NetMap's Technical Help Guide

5.1 Hillslope Gradient

Hillslope Gradient
Parameter Description: Hillslope gradient is calculated from digital elevation models using
A Langrange polynomial as described in Zevenbergen and Thorne (1987). Radius over which the polynomial is fit is an adjustable parameter. Surface gradient is calculated for each DEM cell using Lagrange polynomials to fit a surface over an area of specified radius (25 m). The equations presented in Zevenbergen and Thorne, 1987 (Earth Surface Processes and Landforms, V12, p47-56) are used, modified for use over a circular area (e.g., Shi et al., Photogrammetic Engineering & Remote Sensing, V73, p 143-154). To remove bias in gradient calculations arising from the DEM grid alignment, the surface fit is applied twice, once aligned with the DEM grid and again offset by 45 degrees. The average of the two gradient calculations are given in the SLOPE raster. The slope raster provided with NetMap has gradient calculated from a 10-m DEM using a radius of one cell length, giving a total length scale over which gradient is calculated of 20 meters.

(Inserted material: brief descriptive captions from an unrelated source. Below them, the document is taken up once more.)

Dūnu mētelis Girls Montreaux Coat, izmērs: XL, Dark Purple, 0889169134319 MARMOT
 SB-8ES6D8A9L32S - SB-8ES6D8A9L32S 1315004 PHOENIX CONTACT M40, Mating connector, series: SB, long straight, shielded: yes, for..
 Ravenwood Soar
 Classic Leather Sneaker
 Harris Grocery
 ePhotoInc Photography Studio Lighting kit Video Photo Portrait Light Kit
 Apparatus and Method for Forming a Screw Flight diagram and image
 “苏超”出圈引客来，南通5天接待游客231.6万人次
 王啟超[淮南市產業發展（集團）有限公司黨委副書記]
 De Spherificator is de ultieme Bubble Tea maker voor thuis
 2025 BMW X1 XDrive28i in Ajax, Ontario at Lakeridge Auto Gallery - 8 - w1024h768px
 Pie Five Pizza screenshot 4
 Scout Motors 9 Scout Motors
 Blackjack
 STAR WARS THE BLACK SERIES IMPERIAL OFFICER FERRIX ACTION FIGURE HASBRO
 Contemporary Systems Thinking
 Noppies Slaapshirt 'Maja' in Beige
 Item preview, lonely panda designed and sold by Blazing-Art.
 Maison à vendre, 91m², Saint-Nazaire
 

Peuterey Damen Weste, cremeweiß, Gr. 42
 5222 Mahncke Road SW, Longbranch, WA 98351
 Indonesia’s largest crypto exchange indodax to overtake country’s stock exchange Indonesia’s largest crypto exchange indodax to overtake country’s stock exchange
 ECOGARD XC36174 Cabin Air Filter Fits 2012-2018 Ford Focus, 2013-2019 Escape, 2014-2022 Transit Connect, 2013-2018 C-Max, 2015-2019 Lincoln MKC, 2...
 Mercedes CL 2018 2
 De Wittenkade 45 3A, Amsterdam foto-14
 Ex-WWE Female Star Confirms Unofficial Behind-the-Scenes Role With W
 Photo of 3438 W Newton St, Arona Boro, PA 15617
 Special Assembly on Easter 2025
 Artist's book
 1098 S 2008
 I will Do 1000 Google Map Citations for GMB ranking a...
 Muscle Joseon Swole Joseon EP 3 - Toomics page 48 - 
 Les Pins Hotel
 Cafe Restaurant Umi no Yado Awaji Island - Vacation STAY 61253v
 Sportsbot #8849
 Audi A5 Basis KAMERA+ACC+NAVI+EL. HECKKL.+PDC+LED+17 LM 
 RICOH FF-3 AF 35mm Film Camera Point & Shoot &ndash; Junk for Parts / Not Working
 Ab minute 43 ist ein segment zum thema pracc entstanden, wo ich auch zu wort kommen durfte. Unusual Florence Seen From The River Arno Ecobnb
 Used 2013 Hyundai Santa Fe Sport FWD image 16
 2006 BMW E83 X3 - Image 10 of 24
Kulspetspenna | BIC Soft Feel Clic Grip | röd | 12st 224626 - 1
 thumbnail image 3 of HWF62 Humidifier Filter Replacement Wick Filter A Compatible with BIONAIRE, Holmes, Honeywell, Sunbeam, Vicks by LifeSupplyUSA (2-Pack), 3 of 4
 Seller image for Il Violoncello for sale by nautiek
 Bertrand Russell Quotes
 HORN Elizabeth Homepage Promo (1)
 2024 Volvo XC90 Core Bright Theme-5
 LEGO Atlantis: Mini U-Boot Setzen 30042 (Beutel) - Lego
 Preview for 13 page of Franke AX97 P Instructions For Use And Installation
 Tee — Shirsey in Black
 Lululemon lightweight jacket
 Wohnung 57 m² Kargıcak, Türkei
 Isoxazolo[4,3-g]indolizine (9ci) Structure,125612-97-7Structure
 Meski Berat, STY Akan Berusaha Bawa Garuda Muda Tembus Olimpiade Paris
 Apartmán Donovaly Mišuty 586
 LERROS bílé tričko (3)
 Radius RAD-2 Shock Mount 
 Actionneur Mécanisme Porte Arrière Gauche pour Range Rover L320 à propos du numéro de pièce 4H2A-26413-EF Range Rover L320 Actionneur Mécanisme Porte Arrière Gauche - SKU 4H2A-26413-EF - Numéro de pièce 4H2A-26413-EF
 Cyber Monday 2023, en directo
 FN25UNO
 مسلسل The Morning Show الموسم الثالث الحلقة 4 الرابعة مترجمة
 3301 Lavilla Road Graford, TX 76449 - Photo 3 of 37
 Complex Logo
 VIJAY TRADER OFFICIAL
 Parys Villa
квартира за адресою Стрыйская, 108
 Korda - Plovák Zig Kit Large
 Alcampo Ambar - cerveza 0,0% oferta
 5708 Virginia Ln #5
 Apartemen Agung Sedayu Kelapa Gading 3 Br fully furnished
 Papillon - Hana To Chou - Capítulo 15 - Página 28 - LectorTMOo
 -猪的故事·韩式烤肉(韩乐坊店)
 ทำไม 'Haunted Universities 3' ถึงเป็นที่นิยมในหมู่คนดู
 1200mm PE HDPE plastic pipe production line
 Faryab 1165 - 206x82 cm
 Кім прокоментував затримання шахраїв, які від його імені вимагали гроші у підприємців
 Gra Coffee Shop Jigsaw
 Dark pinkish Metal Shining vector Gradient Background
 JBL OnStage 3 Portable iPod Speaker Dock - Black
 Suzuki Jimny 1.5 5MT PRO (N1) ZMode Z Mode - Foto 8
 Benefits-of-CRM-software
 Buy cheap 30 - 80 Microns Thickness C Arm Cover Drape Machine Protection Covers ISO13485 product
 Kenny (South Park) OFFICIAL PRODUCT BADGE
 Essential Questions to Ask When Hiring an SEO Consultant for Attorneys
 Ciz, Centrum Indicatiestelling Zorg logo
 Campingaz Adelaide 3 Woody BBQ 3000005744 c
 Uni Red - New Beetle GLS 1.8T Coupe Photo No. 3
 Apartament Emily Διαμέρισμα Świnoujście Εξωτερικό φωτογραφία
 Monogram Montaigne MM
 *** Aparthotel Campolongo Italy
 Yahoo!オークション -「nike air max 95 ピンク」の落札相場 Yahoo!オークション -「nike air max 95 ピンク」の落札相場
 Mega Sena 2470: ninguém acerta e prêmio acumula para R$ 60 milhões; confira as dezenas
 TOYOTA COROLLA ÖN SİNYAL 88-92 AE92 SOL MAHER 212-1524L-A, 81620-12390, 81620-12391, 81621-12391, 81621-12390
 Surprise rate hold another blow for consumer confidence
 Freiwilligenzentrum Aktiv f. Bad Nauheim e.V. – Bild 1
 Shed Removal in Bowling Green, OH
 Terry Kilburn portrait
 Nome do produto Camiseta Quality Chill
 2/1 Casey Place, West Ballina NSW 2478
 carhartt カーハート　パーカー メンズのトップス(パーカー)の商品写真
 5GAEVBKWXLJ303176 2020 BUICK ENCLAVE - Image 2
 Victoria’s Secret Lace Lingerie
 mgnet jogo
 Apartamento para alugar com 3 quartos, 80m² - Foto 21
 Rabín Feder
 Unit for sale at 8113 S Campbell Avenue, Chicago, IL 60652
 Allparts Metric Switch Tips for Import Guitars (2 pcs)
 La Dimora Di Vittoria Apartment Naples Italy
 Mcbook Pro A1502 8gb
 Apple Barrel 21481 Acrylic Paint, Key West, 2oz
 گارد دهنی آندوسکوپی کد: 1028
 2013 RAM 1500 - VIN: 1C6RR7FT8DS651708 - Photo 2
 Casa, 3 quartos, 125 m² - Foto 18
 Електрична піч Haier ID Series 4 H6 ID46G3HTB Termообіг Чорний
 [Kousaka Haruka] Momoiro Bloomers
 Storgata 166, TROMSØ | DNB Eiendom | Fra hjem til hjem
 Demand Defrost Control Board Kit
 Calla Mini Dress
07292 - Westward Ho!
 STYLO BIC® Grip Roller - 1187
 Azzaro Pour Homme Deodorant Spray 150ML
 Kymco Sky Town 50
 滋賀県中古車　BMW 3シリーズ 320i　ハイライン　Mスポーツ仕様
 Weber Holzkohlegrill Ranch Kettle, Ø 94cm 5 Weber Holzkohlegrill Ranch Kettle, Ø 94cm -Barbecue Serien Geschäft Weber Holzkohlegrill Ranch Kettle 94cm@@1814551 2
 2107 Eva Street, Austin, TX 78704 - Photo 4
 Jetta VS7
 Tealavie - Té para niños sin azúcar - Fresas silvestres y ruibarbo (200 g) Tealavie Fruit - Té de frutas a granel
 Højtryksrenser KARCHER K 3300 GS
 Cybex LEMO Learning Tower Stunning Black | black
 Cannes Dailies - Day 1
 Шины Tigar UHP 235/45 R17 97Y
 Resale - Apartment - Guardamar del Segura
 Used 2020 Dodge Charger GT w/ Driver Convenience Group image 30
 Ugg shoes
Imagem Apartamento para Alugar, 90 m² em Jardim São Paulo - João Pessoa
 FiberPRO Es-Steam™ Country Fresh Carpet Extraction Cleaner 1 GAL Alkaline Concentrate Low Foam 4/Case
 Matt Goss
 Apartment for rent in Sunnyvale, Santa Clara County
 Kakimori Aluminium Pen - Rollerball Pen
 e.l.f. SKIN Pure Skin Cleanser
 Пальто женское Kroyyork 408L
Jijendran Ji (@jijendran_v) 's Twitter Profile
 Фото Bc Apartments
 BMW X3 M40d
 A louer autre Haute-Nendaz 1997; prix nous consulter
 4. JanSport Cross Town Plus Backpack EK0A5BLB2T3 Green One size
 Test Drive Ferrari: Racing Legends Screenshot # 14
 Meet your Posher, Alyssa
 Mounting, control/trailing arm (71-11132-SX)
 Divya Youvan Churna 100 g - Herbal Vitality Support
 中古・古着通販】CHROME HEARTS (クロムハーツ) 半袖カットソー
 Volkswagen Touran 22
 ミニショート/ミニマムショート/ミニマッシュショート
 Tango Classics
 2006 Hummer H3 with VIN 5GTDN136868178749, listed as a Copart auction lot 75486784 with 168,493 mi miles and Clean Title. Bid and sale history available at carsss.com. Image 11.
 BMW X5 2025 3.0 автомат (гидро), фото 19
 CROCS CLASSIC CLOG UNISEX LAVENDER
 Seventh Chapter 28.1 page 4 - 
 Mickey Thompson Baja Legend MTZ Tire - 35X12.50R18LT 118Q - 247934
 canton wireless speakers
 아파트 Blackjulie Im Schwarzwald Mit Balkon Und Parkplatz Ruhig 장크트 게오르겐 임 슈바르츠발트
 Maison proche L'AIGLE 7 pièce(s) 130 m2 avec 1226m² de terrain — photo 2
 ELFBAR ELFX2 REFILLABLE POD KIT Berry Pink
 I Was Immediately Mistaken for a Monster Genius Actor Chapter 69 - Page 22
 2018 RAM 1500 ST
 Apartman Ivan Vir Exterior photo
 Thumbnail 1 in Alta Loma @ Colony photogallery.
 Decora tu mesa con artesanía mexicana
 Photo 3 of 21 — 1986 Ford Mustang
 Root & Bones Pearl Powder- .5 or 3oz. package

Data Type: Line (stream layer)
Field Name: Slope; Common name: Hillslope gradient
Units: L/L
NetMap Module/Tool: Erosion
Model Description:
Hillslope gradient is calculated from digital elevation models (commonly 10-m DEMs) and displayed as rise over run (Figure 1).  Hillslope gradient in NetMap is used primarily in calculations involving erosion potential including shallow landslides, debris flows, and gully erosion.
Figure 1. Hillslope gradient in calculated from digital elevation models, commonly 10m scale in NetMap datasets.